= TASK GOAL =
After finding the line with "CORRESPONDS WITH THE" in the entries below, retype exactly each line from there through the line with "TT INITIAL ALIGNMENT: ANTERIOR", including that final line.

= PROVIDED DATA =
_ _ _
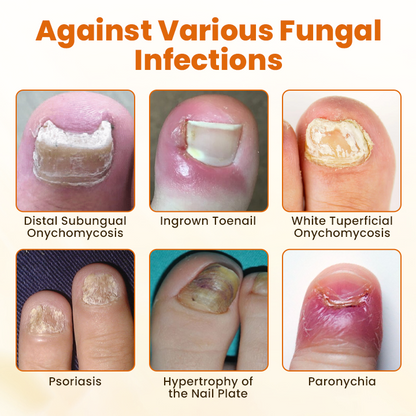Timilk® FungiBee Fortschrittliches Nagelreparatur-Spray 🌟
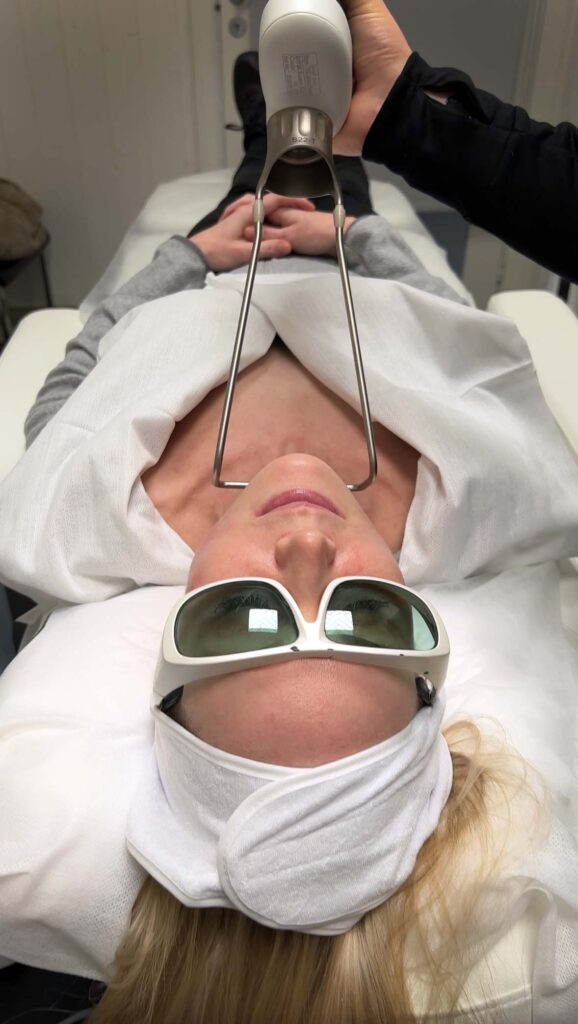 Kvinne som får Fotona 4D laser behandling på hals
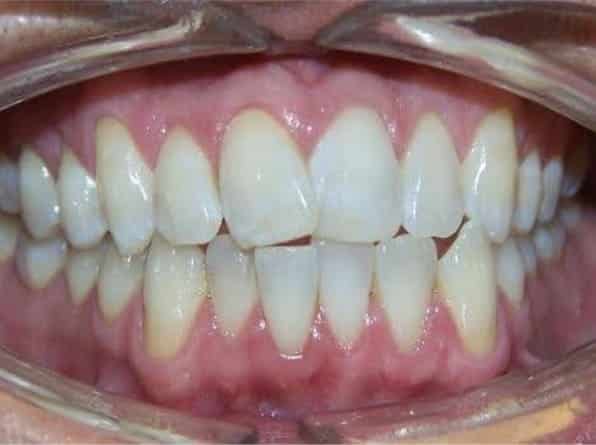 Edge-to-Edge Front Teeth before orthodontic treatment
_ _ _
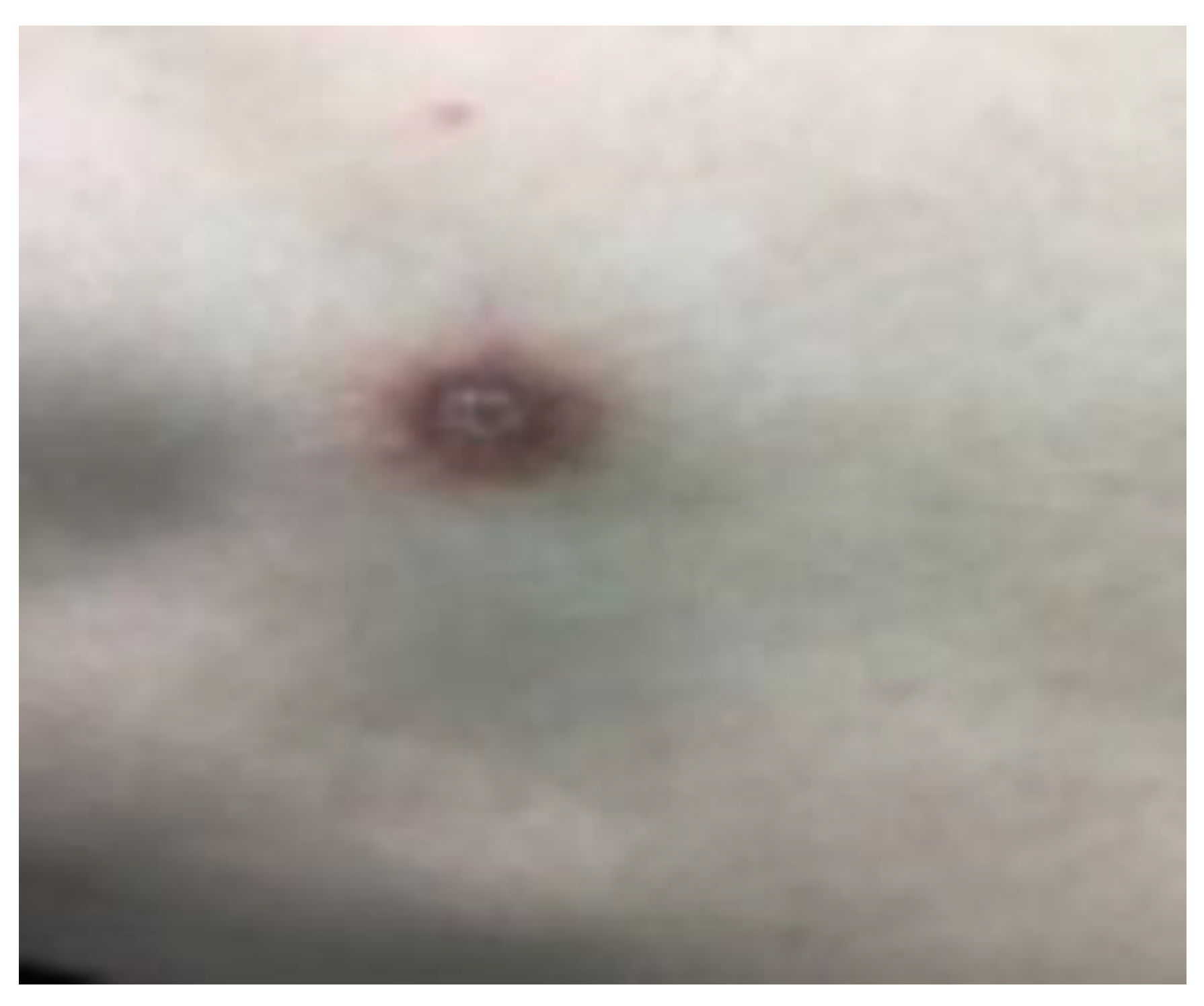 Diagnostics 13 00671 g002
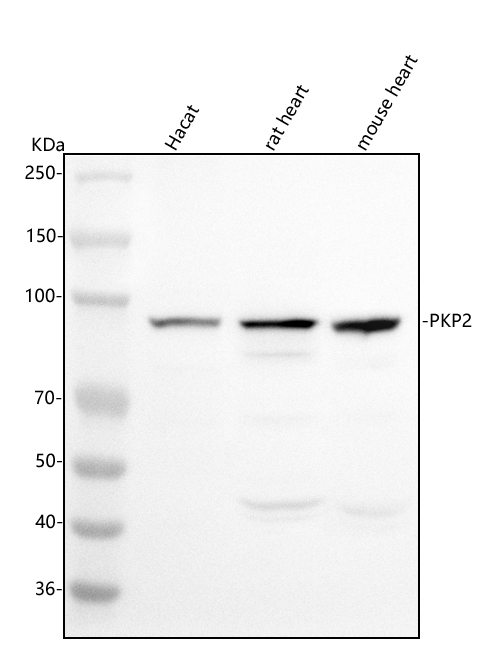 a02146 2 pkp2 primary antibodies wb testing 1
_ _ _
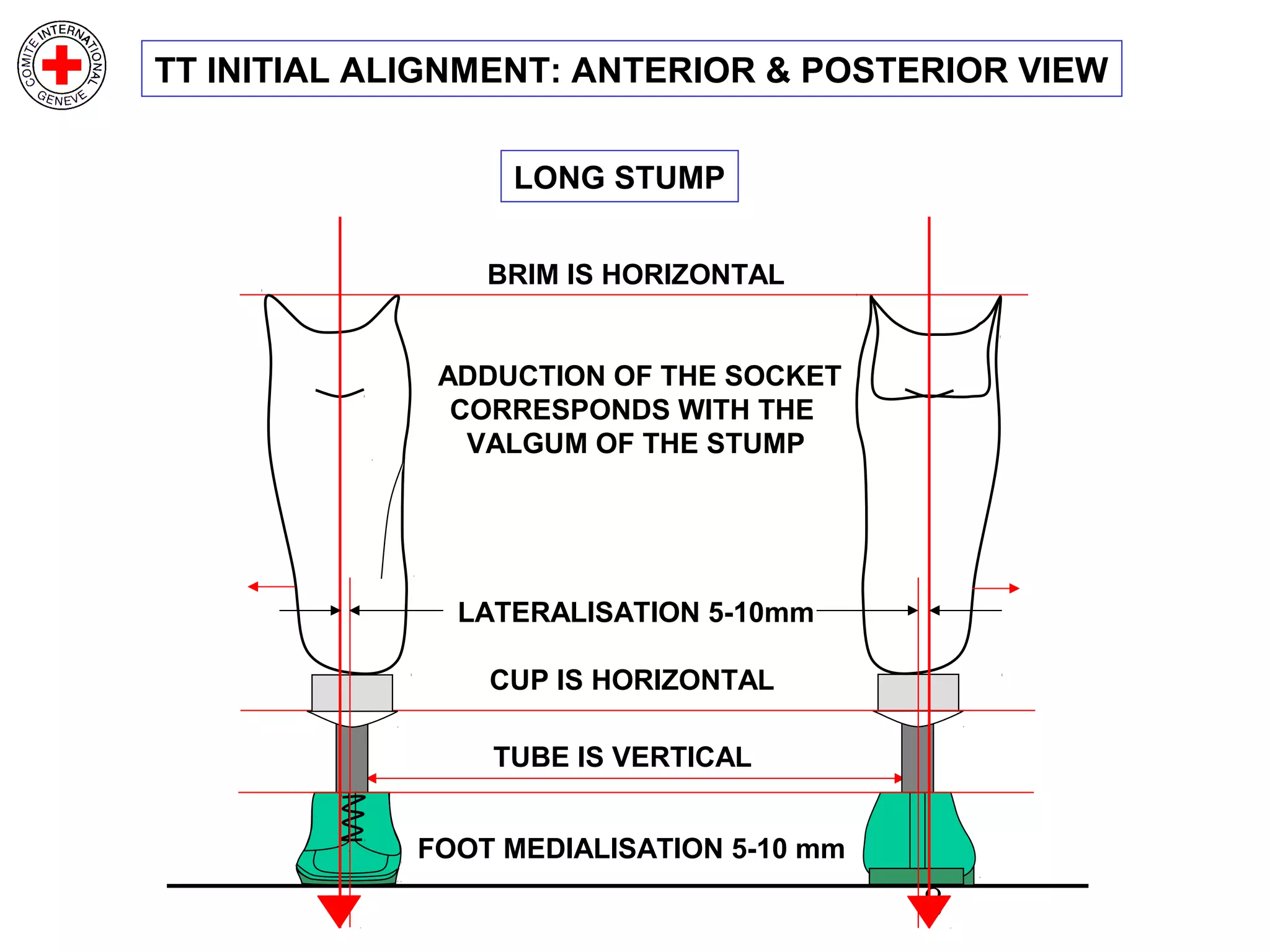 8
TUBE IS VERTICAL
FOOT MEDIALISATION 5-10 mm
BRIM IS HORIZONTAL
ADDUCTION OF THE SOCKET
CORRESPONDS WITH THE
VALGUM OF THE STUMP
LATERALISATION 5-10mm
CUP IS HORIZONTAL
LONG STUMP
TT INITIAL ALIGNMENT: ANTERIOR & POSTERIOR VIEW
_ _ _
= RESPONSE =
CORRESPONDS WITH THE
VALGUM OF THE STUMP
LATERALISATION 5-10mm
CUP IS HORIZONTAL
LONG STUMP
TT INITIAL ALIGNMENT: ANTERIOR & POSTERIOR VIEW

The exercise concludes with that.